Today on Boston Public Radio:

Michelle Singletary discussed “Sincerely Michelle,” her ongoing series for The Washington Post addressing misconceptions about racial equity in the world of personal finance, and reflected on her own experience coming up in media as a Black woman. Singletary is a personal finance columnist for The Washington Post and author of “The 21 Day Financial Fast." Her column "The Color Of Money" is syndicated in newspapers across the country.

Michelle Singletary on BPR | Dec. 17, 2020

Chuck Todd ran through the latest political headlines, touching on an anticipated COVID-19 stimulus bill in Congress, President-elect Joe Biden’s undying faith in the Senate and the slowly-growing number of GOP members willing to acknowledge Biden’s November election victory. Todd is the moderator of “Meet The Press” on NBC, host of “Meet The Press Daily" on MSNBC and the political director for NBC News.

Chuck Todd on BPR | Dec. 17, 2020

Councilor Andrea Campbell discussed the Boston City Council’s Sunday evening vote to establish an Office of Police Accountability and Transparency and next steps for its implementation. She also touched on Gov. Charlie Baker's decision not to sign the Massaschusetts police reform bill and spoke about pushback against a proposed charter school in Roslindale. Campbell represents Boston's District 4, which includes parts of Dorchester, Mattapan, Jamaica Plain and Roslindale. She's also currently running for mayor of Boston.

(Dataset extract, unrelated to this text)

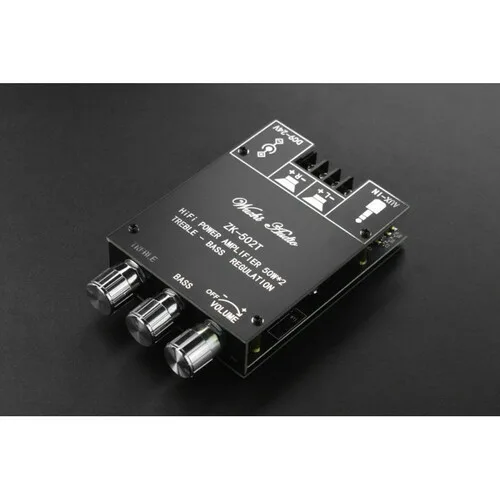 Bass Treble Bluetooth Amplifier-50W*2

Andrea Campbell on BPR | Dec. 17, 2020

Andrea Cabral discussed Georgia’s legacy of voter suppression and what she anticipates from the state’s Senate runoffs in January. She also talked about efforts by the outgoing Trump administration to appoint a special council to investigate Biden’s son Hunter and the president's still-unsubstantiated claims of vote rigging during the 2020 election. Cabral is the former Suffolk County sheriff and secretary of public safety and the current CEO of Ascend.

Andrea Cabral on BPR | Dec. 17, 2020

Paul Reville discussed the Boston Teachers Union’s Sunday evening vote of no confidence against BPS Superintendent Brenda Cassellius, ongoing issues with remote learning throughout Massachusetts and questions around whether schools ought to keep the snow day alive through the pandemic. Reville is the former Massachusetts secretary of education and a professor at Harvard University’s Graduate School of Education, where he also heads the Education Redesign Lab. His latest book, co-authored with Elaine Weiss, is "Broader, Bolder, Better: How Schools And Communities Help Students Overcome The Disadvantages Of Poverty.”

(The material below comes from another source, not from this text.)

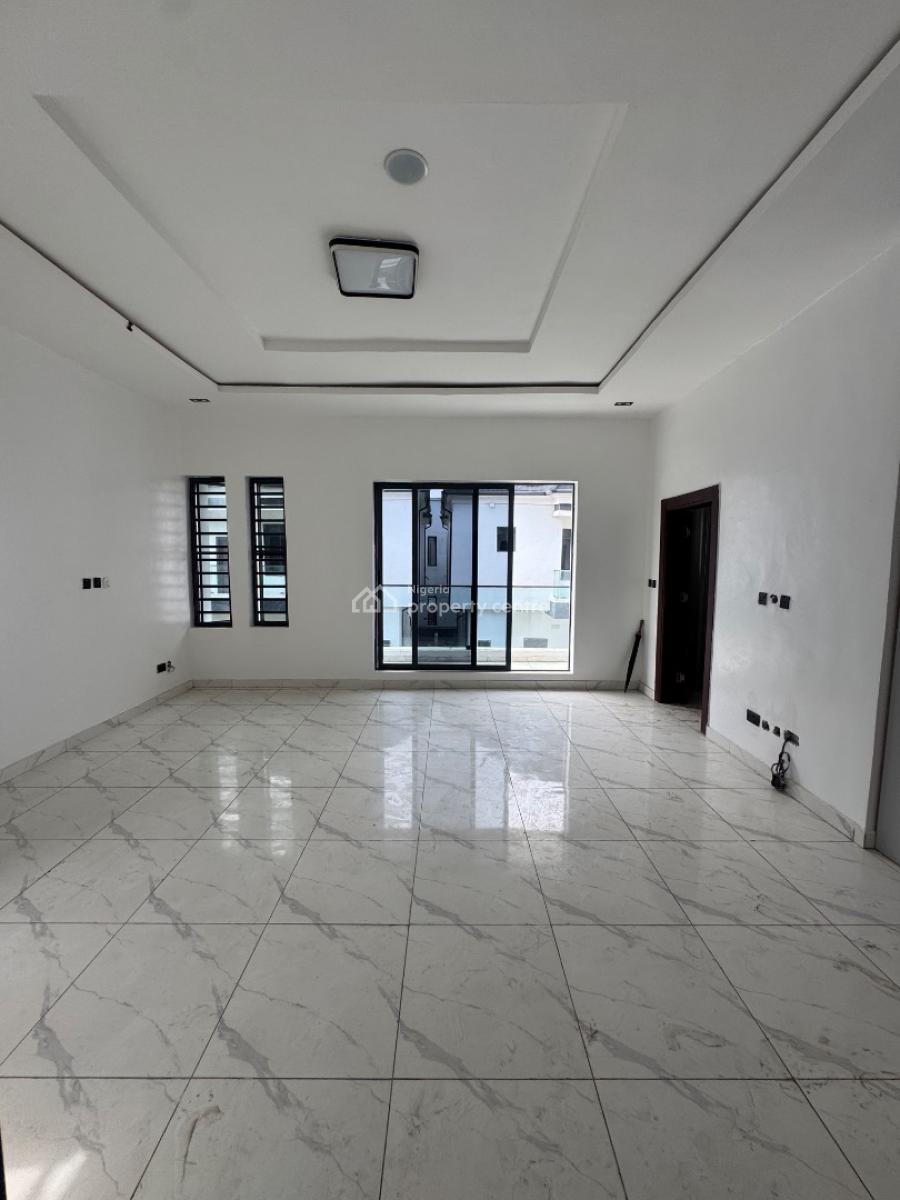Newly Built 4 Bedroom Semi Detached Duplex with Bq, Ikota, Lekki, Lagos, Semi-detached Duplex for Sale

Paul Reville on BPR | Dec. 17, 2020

Next, we opened up the phone lines to talk about Thursday’s snowstorm, asking, are school districts walking on thin ice by denying students a well-earned snow day?

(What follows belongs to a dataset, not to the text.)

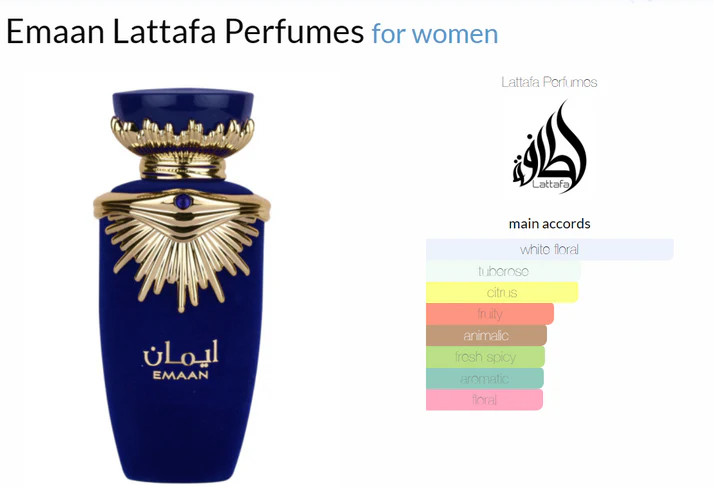 Emaan, Sakeena and Haya by Lattafa Perfumes - Image 4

Richard Blanco returned for our monthly edition of "The Village Voice," where he discusses poetry and how it can help us better understand our lives and times. This time around, he read a selection of poems about gratitude, renewal and healing. He also talked about the Inaugural Poem Project and Contest for Students. Blanco is the fifth presidential inaugural poet in U.S. history. His new book, "How To Love A Country," deals with various socio-political issues that shadow America.